> [Try it]: The lines wanted run from the first one below through the one with "tweedehands VW Tiguan". Return them exactly.

> [Excerpts from a dataset]:
:::::
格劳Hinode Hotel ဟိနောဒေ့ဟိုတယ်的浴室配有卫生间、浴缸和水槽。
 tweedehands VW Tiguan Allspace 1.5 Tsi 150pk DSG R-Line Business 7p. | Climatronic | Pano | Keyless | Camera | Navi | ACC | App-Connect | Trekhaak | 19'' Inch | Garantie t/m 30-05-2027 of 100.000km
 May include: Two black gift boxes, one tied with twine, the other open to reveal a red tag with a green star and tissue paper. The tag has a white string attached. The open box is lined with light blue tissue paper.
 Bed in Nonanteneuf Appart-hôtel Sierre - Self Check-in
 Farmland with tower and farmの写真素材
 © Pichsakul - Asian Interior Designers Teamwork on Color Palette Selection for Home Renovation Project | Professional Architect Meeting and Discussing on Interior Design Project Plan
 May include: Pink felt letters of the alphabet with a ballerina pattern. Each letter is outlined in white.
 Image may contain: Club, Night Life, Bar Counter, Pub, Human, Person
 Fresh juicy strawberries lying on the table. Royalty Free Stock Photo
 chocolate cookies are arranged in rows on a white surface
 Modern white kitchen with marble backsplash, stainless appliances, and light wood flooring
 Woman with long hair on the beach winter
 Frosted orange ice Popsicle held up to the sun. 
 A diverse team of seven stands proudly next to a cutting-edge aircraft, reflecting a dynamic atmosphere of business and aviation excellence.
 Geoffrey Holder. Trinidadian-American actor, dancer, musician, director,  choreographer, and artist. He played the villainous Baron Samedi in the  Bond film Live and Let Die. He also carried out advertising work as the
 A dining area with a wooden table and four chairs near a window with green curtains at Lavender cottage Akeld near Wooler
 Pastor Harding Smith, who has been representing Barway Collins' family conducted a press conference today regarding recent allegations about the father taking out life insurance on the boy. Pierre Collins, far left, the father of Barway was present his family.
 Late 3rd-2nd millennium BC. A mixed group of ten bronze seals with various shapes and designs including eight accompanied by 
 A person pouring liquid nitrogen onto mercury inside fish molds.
:::::
> [Exercise output]:
格劳Hinode Hotel ဟိနောဒေ့ဟိုတယ်的浴室配有卫生间、浴缸和水槽。
 tweedehands VW Tiguan Allspace 1.5 Tsi 150pk DSG R-Line Business 7p. | Climatronic | Pano | Keyless | Camera | Navi | ACC | App-Connect | Trekhaak | 19'' Inch | Garantie t/m 30-05-2027 of 100.000km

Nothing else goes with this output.